Is sovereign immunity hurting America?
Back in November, Alison Frankel had a very sensible and clear-eyed analysis of the lawsuit which a Cayman-based hedge fund, Fir Tree, is bringing against, essentially, the government of Ireland. In short, Ireland has sovereign immunity, so, no dice. Sorry, better luck next time.
Since then, there’s been no real new news in the case. But for some reason the Economist has decided all of a sudden that this is a terribly important case which “eviscerates law in New York” and which raises a host of worries:
If America’s legal system cannot be relied on for deals done in America, it will become a less attractive place to do business. Borrowing costs may rise, which could prompt non-American companies to take business elsewhere. At the very least, terms will be tweaked.
To make a long story short, the saga here is that Fir Tree wound up buying Anglo Irish debt obligations which were written under New York law. But then Anglo Irish got nationalized, so Fir Tree no longer has a simple commercial contract in New York, facing a bank: it’s now having to line up with other bank creditors of the Irish government.
That’s not a great outcome for Fir Tree, but it’s simply what happens when a bank gets nationalized. Fir Tree would have been no better off had Anglo Irish simply been left to go bust, which was the only other alternative. And any time anybody lends money to a foreign company, they know there’s a risk of nationalization — especially when that foreign company is a bank.
The law in New York, it’s important to emphasize, has not been eviscerated at all. The Foreign Sovereign Immunities Act is the law in New York, it has been the law in New York for as long as anybody can remember, and anybody writing contracts in New York knows about it. Does the existence of the FSIA make New York “a less attractive place to do business”? Not really: it’s been around for a long time, with no visible effect on New York’s attractiveness as a commercial center.
What’s more, you can’t “tweak” the terms of a contract to get around the risk that a foreign company will become nationalized and thereby subject to the FSIA. That’s a known risk for any lender, and there’s nothing anybody can do about it. Moving the contract to some other jurisdiction wouldn’t help, either: the world’s major commercial centers all have laws giving foreign sovereigns immunity on a very broad front. New York is in no way exceptional in that.

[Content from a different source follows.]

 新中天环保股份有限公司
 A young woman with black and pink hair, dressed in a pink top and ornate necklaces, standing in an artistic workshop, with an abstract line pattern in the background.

As we’re seeing in the saga of Elliott vs Argentina, any attempt to sue a foreign sovereign in New York court is going to be extremely fraught and difficult at best. Some market fundamentalists might have a problem with that: if “corporations are people too”, then why shouldn’t entire countries be people as well? But for the time being, and for the foreseeable future, foreign sovereigns are special in the eyes of the law. And that’s not an evisceration of anything.